Appartamento al primo piano, porta socchiusa. Ginevra immobile sulla carrozzina, occhi come stagni grigi.
“Ritroverete mamma?”
“Nome di tua madre?” chiese Costantino.
“Lidia”.
“Cognome?”
“Rossi”.
“Un attimo” interruppe Nina. “Sei affamata, tesoro?”
“Sì. Mangiai l’ultima polpetta ieri”.
“Costantino: vai a comprare in quel panificio dove vado io”.
Al suo rientro, Nina aveva preparato la cucina.
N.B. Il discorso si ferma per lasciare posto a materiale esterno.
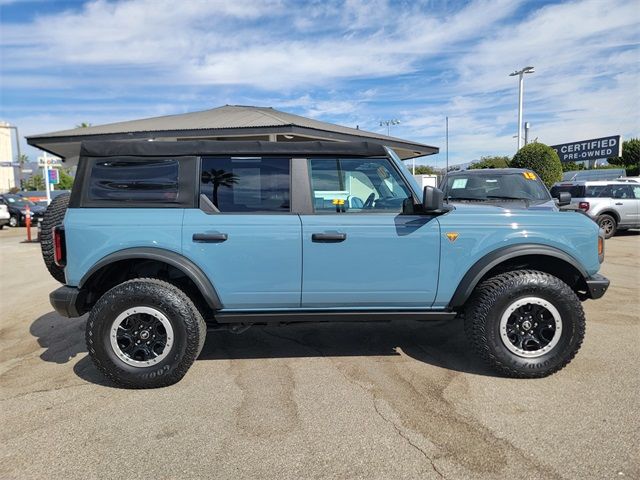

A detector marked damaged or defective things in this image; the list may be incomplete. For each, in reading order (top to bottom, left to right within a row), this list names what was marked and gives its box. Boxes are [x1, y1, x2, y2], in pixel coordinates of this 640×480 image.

cracked pavement [0, 226, 636, 480]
Mentre mangiavano, lui consultò il sito comunale di Firenze.
“Nottizia. Investimento in Via dei Pini. Fiat grigia travolge una donna. Trasportata in gravi condizioni al Santa Maria Nuova”.
Chiamò tre volte prima di una risposta.
“Ricoverata da 36 ore. Incosequenza”.
“Dovevano aver rubato bricolla e telefono. È Lidia Rossi?”
“Non identificata. Familiare?”
“Vengo”.
A G
Era l’inizio di un futuro pieno di luce, una promessa tenace che nessuna tempesta avrebbe più spento la felicità conquistata col sudore delle loro anime.